Thanks TheGruffalo1. The dash is even cooler when the ignition is on or the engine is running. If you have a route programmed into the Nav, it gives you instructions in the rev counter cluster, so you don't have to look at the Nav screen.


----------



## Summit Detailing (Oct 9, 2006)

Nice choice Mark, lot of car for no £!...I went down the A8 route to scratch my bargain barge itch.

Enjoy:driver:


----------



## e32chris (Sep 21, 2011)

tint windows and shadowline trim :thumb:
lovely car but prefer my e32 740, cant beat a bit of retro 
enjoy wafting along in complete comfort


----------



## beardboy (Feb 12, 2006)

Summit Detailing said:


> Nice choice Mark, lot of car for no £!...I went down the A8 route to scratch my bargain barge itch.
> 
> Enjoy:driver:


Thanks Chris. I did toy with the A8 as the same garage had a 4.0TDI for sale, but stuck with BMW in the end. Both great cars though.

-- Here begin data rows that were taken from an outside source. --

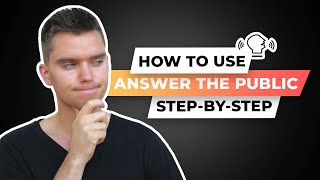 How To Use Answer The Public Tutorial [upl. by Sierra299]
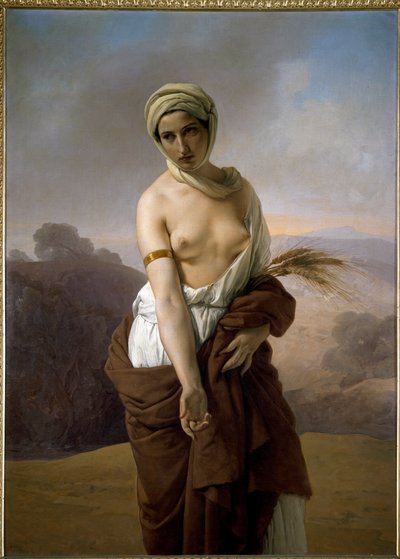 ルース（油彩・キャンバス 作： Francesco Hayez
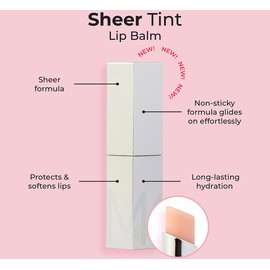 MCOBEAUTY SHEER TINT LIP BALM - CLEAR, #MCH418 MCOBEAUTY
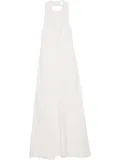 Muller Of Yoshiokubo linen midi dress - White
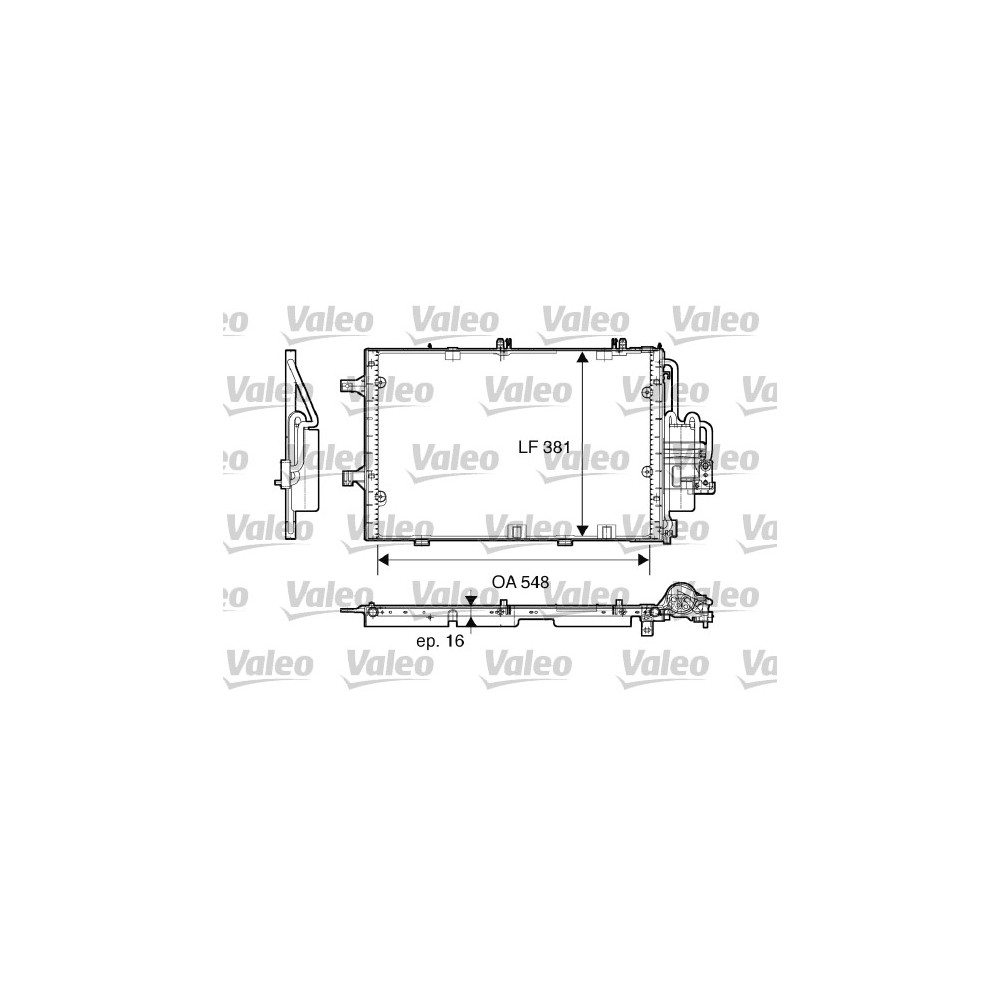 VALEO Kondensator, Klimaanlage 817609
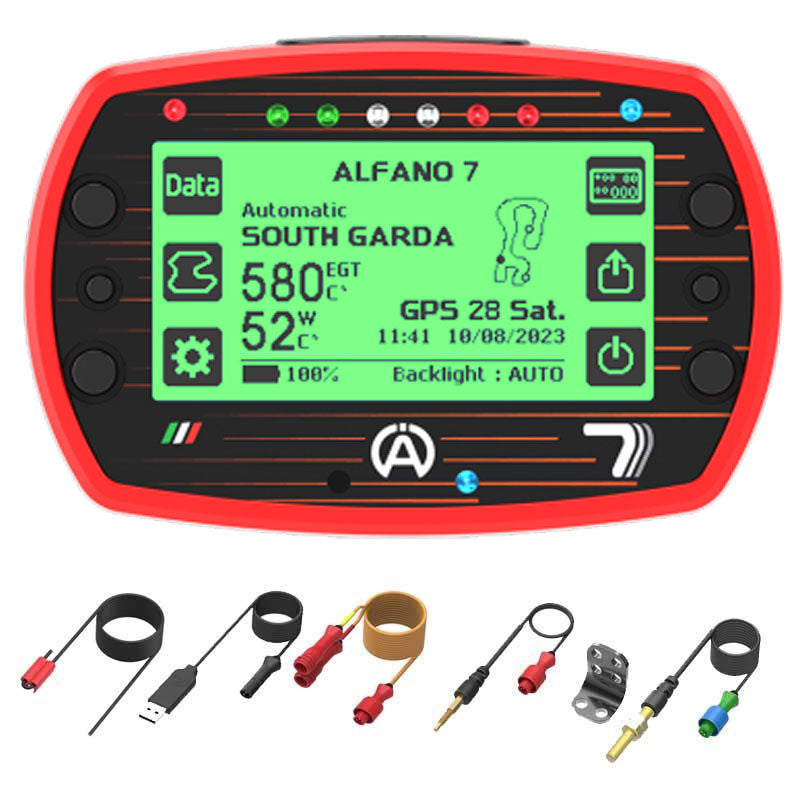 Alfano 7 2T Kit P2 Messsystem, Laptimer + Speed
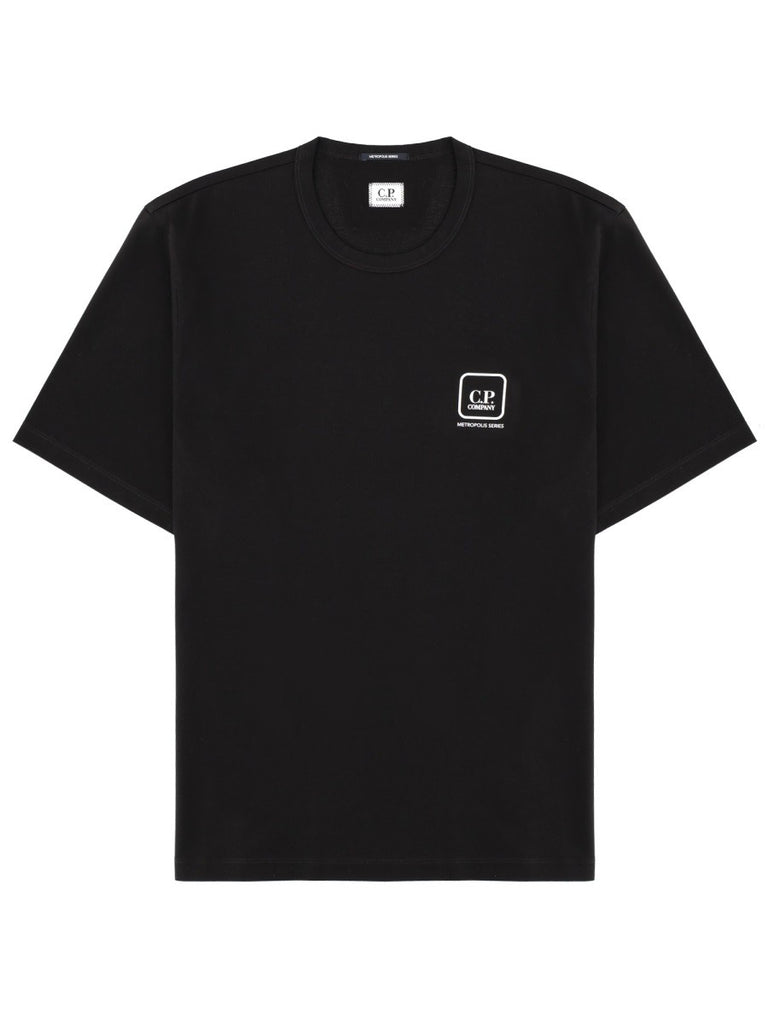 T-SHIRT WITH LOGO AND PRINT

e32Chris - I had a 'retro' before in E38 740i form, so know where you're coming from and i do miss the old 4.4 V8 rumble, but don't miss the economy! :lol:

Tints are on the shopping list at some point but not shadowline trim, as i like the matte silver myself


----------



## beardboy (Feb 12, 2006)

Small update. Windows are now tinted at 15% so should keep the sun off our daughter and also look good!


----------